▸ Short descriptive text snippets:
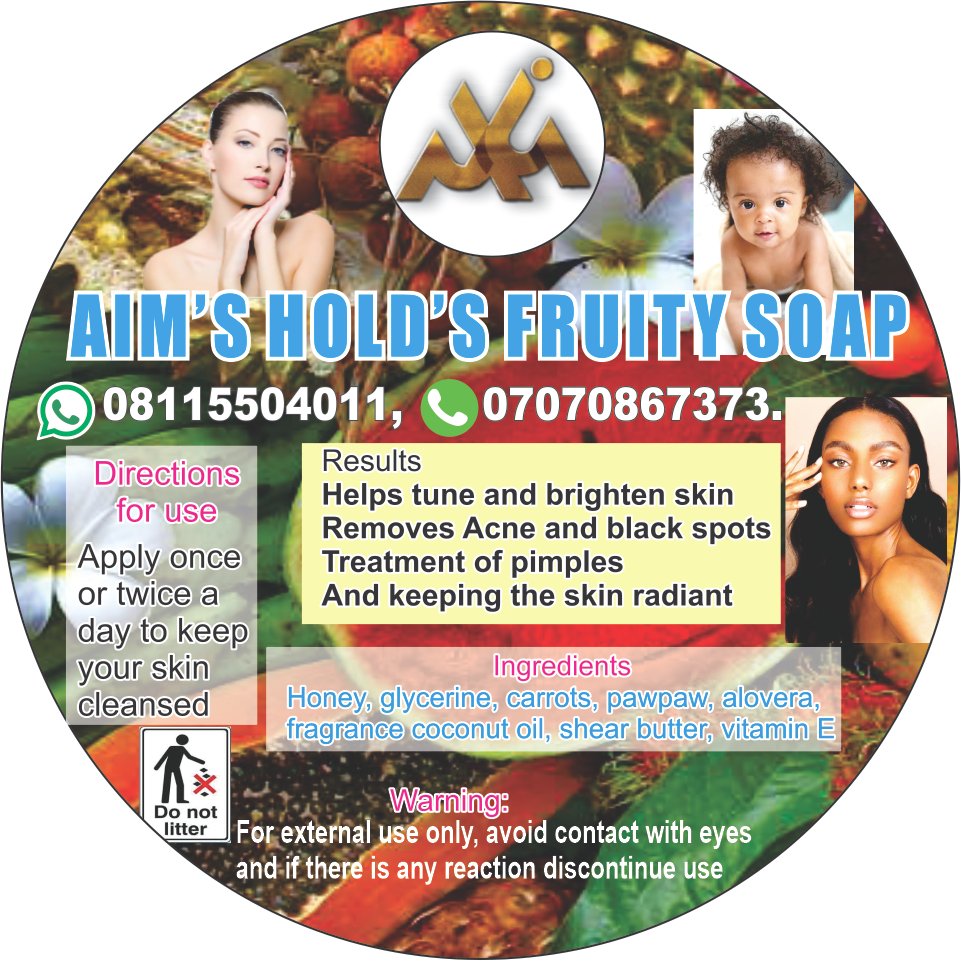 AIMS HOLDS Fruity Soap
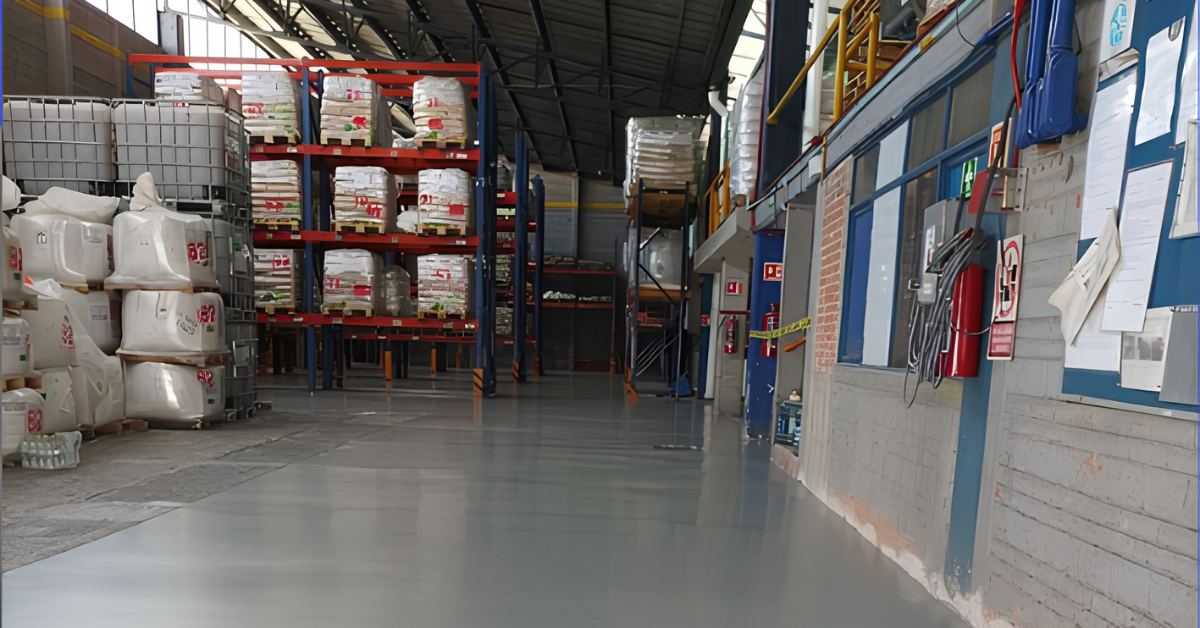 Uretano cementicio en cámara de proceso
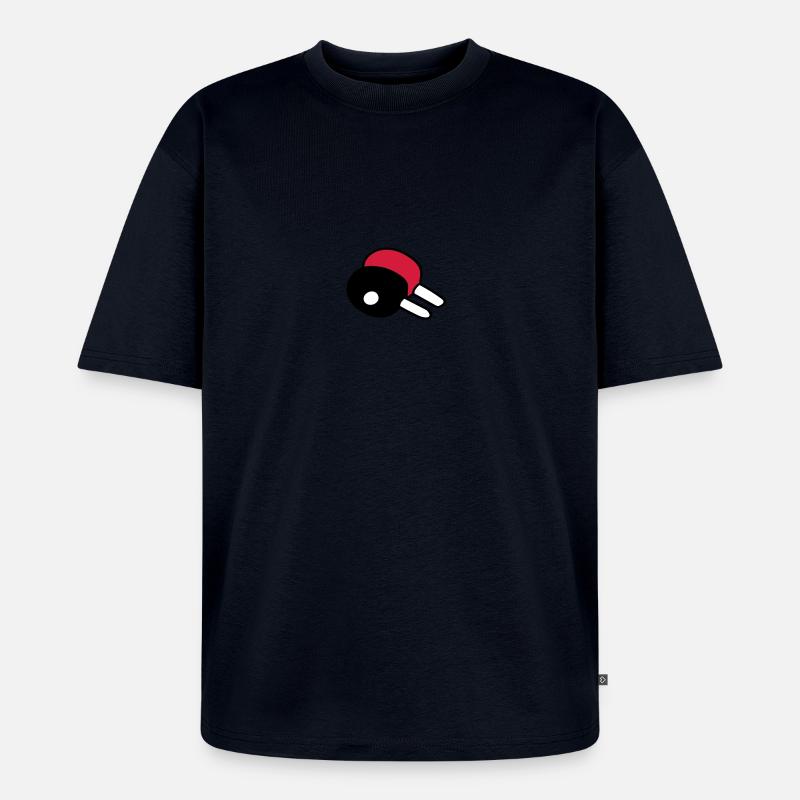 Ping - Pong - T-shirt Premium bio oversize Unisexe - bleu marine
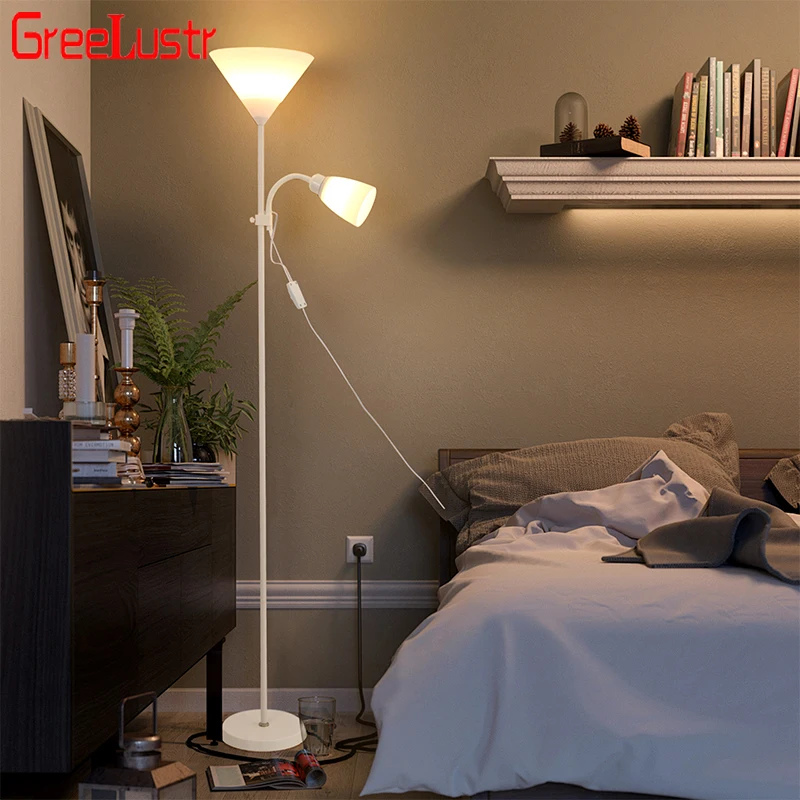 

Acrylic Floor Lamp Home Decora Living Bedroom Reading Lighting Fixtures Dimmable Remote Control Indoor LED Floor Light 18W Lumin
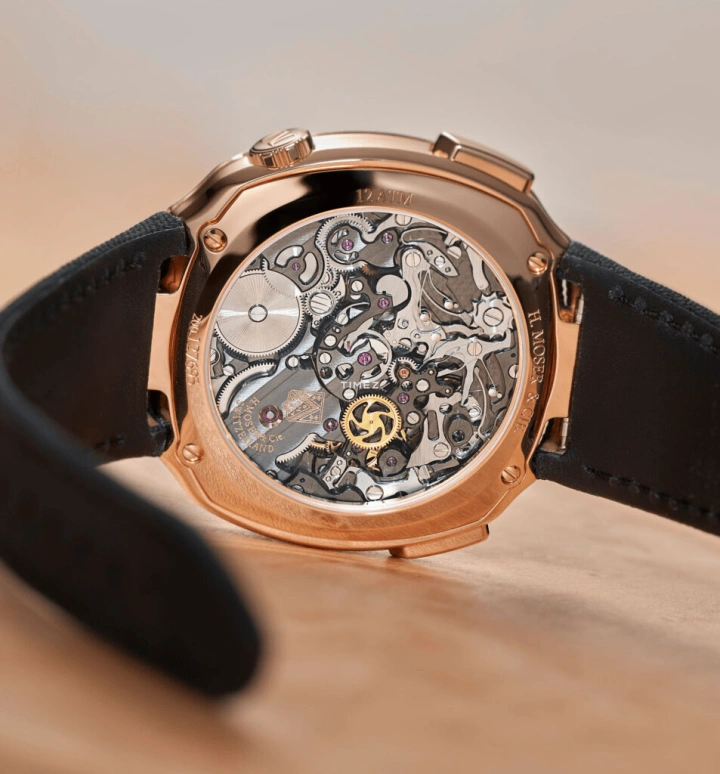 H. Moser & Cie,Streamliner 42.30mm,42.30mm,Red Gold,Green,Automatic,Chronograph,Flyback,6907,6907-0400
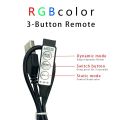 Led Strip RGB For PC Computer Case Decor Flexible waterproof  DC 5V Desk Screen TV Background Lighting USB Cable 3 Key Control. 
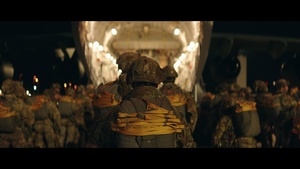 2-504 PIR Paratroopers Board C-17 Globemaster During FUNK DRE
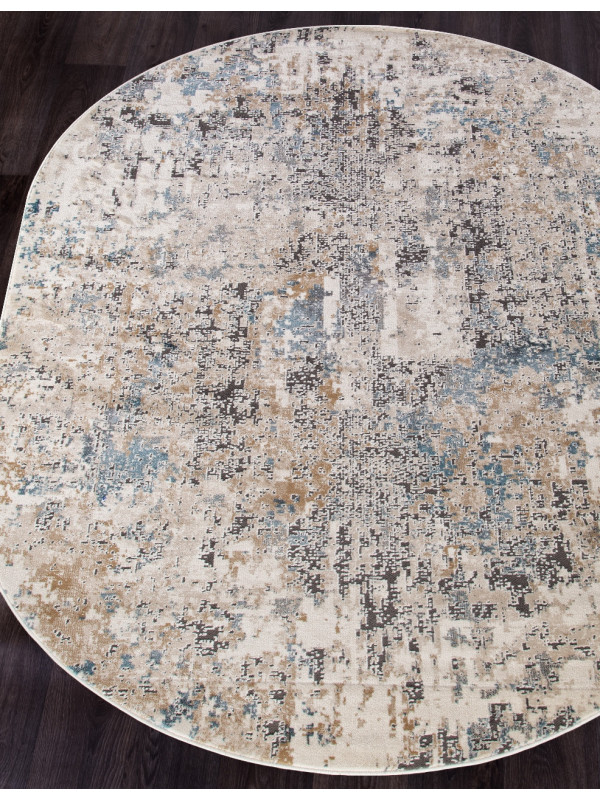 Ковер D733 - BEIGE - Овал - коллекция SERENITY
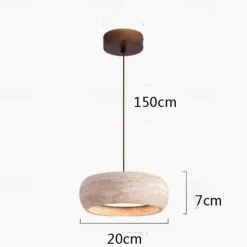 Wabi-Sabi Bedside Chandelier Cave Stone Restaurant Bar Vintage Creative Lamps Vestibule LED Pendant Light 20cm 110-240V
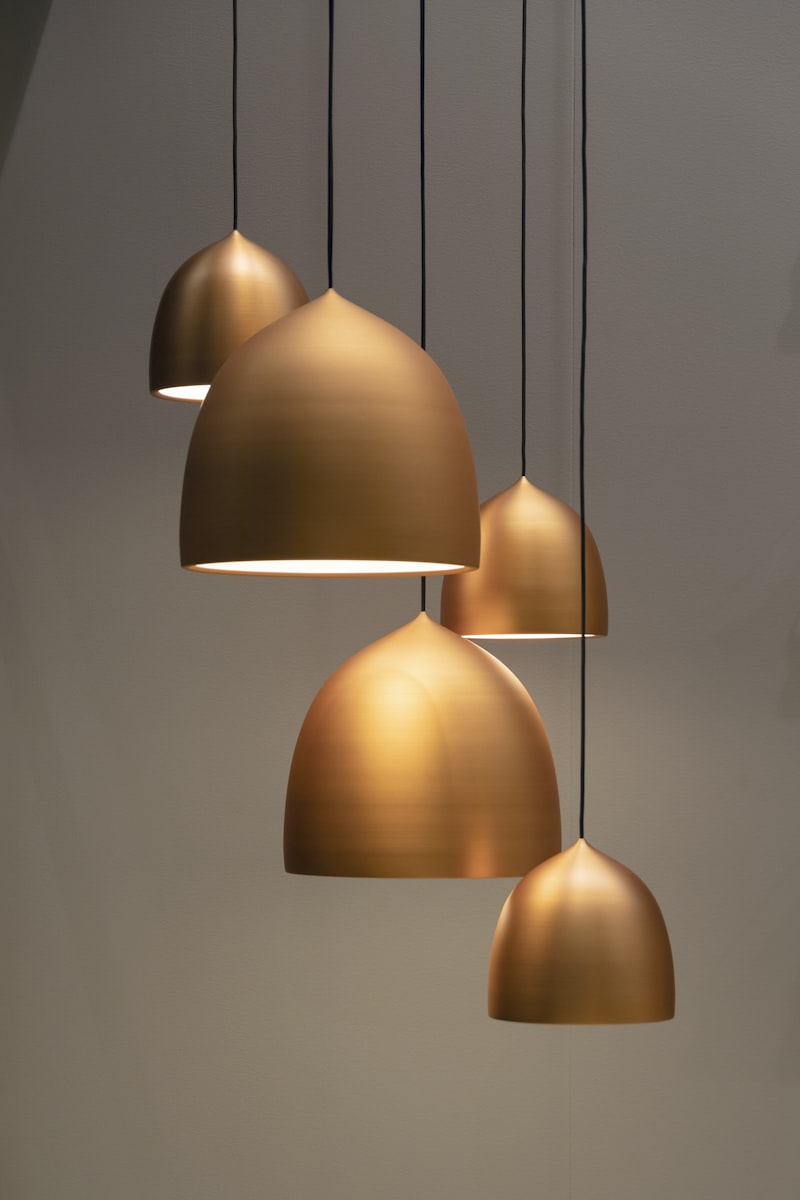Orbit Brass Chandelier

▸ Task item: What you write must match, line for line, the lines from the one with "Acrylic Floor Lamp" through the last line of the data above, minus the pictures.

▸ Result below:
Acrylic Floor Lamp Home Decora Living Bedroom Reading Lighting Fixtures Dimmable Remote Control Indoor LED Floor Light 18W Lumin
 H. Moser & Cie,Streamliner 42.30mm,42.30mm,Red Gold,Green,Automatic,Chronograph,Flyback,6907,6907-0400
 Led Strip RGB For PC Computer Case Decor Flexible waterproof  DC 5V Desk Screen TV Background Lighting USB Cable 3 Key Control. 
 2-504 PIR Paratroopers Board C-17 Globemaster During FUNK DRE
 Ковер D733 - BEIGE - Овал - коллекция SERENITY
 Wabi-Sabi Bedside Chandelier Cave Stone Restaurant Bar Vintage Creative Lamps Vestibule LED Pendant Light 20cm 110-240V
Orbit Brass Chandelier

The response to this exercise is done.